Modern Pro Tour Recap

Hello there and welcome back. Today we have some fresh Modern data from the Pro Tour to look at, so let’s dive in! First of all, let’s have look at the metagame percentages recorded on Wizards‘ homepage.

Pro Tour Rivals of Ixalan metagame

The Archetype Breakdown – click to see full graph

 

Yeah, that’s an insane amount of diversity ranging from 1% to just below 10%. Going in, a lot of people were afraid that we would see a top heavy metagame with too many Tron lands and too many one mana 9/9’s, but those people sure got a pleasant surprise.

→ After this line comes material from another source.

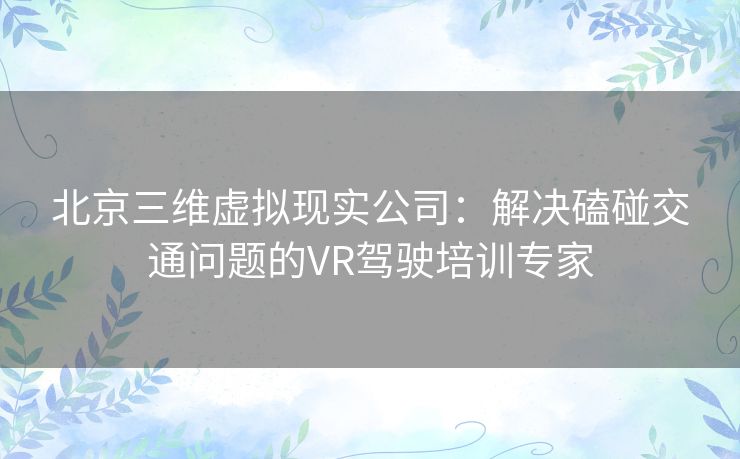 北京三维虚拟现实公司：解决磕碰交通问题的VR驾驶培训专家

The strength of Modern in a casual FNM and a competitive Grand Prix has always been the diversity, but at the professional level we have a tad more unstable track record until this Pro Tour. I think everyone from the players and spectators to Wizards them selves are beyond content with the outcome. My gut feeling is that Modern on the Pro Tour is here to stay this time.

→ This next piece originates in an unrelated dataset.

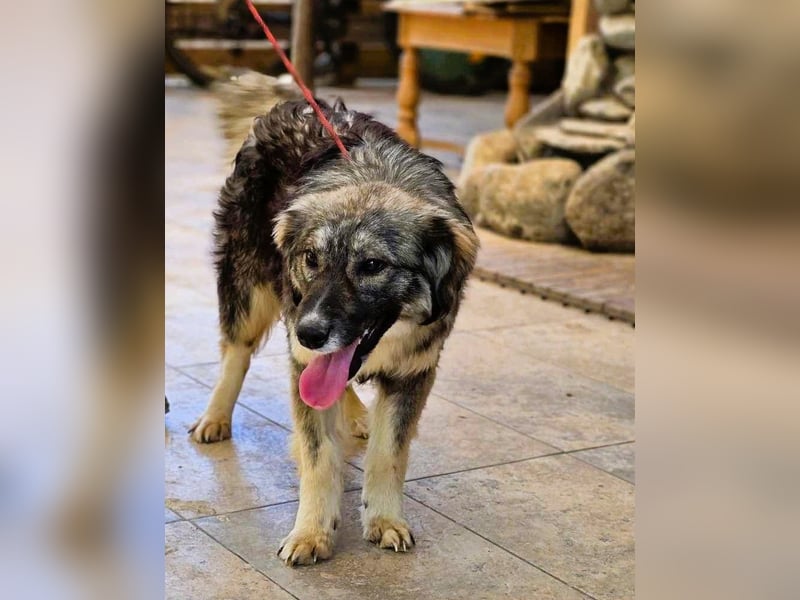 *Amy* mit einem Gesichtchen wie gemalt ca. 1 Jahr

The players who managed to win half of their matches or more on day one got to play 10 rounds of Modern total. Up next are the decks that managed to win eight or more matches, and there are a few sweet pieces of tech I would like to highlight.

2 Tron
2 Lantern Control
2 Grixis Shadow
Abzan Midrange
Blue/White Control
Bogles
Traverse Shadow
Grixis Control
Storm
Eldrazi Tron
Affinity
Burn
White/Black Eldrazi
Humans
Black/Red Hollow One

8-2 or better decklists

Unsurprisingly, Corey Burkhart sleeved up Grixis Control this event and managed to best eight of his ten opponents. Winning with controlling decks in Modern is no easy task, but he clearly got something right for this weekend. Looking at his decklist, you will notice he plays no less than 25 lands and a full playset of Field of Ruin. Traditionally, three-color control decks have had a horrible Tron matchup and no good way to fix this. Tectonic Edge was too much of a setback for their own gameplan, and no matter how many copies of Fulminator Mage you packed in your sideboard, the bad guys would always win.

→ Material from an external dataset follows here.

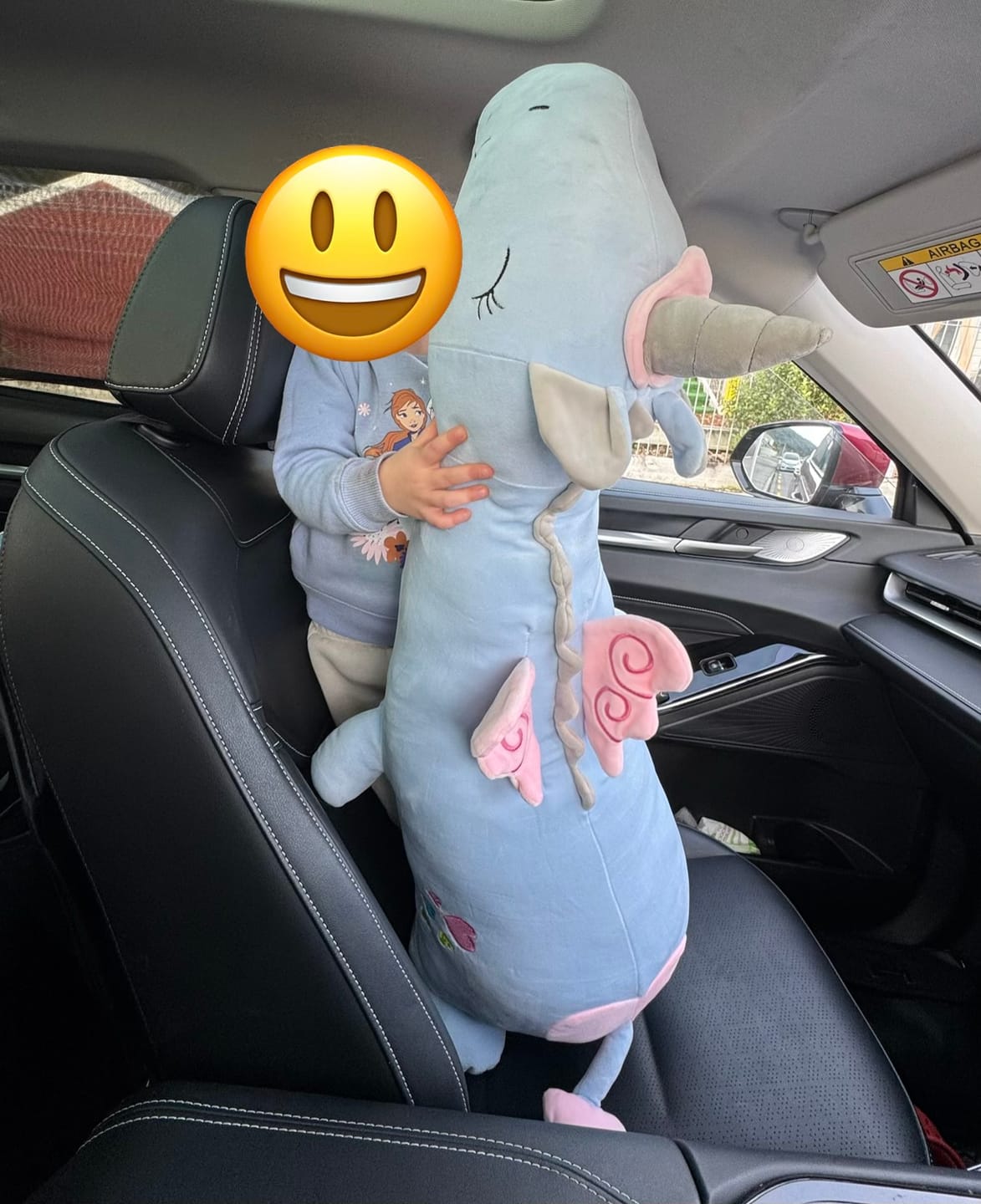 Customer photo review of Giant Cuddly Unicorn Plushie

Field of Ruin lets you disrupt Tron lands and Valakut, the Molten Pinnacle while not setting you back manawise in your mana hungry control deck deck. In a recorded deck tech from the Pro Tour, Corey said that cutting the Serum Visions was a great change because playing it looking for lands felt too clunky in a blazing fast format like Modern. For me, control is suddenly much more interesting because I can now almost freeroll a playable big mana matchup that used to be a huge concern.

Yet another Grixis deck, whose pilot decided that Serum Visions and Opt are too slow, is Ben Friedman with his Grixis Shadow deck. He added a playset of Mishra’s Bauble to make sure he hits his land drops, builds a graveyard for Gurmag Angler and gets a little free information along the way. This version of Death’s Shadow wants blue because of Stubborn Denial, Snapcaster Mage and the blue Dark Ritual (Corey’s reference to the synergy with delve spells) Thought Scour. Red adds Temur Battle Rage to close out combo decks or boardstate decks like Devoted Company and Affinity, but also some flexible sideboard cards in Kolaghan’s Command and Rakdos Charm. I really like this build instead of the traditional Grixis lists and the four color Traverse versions.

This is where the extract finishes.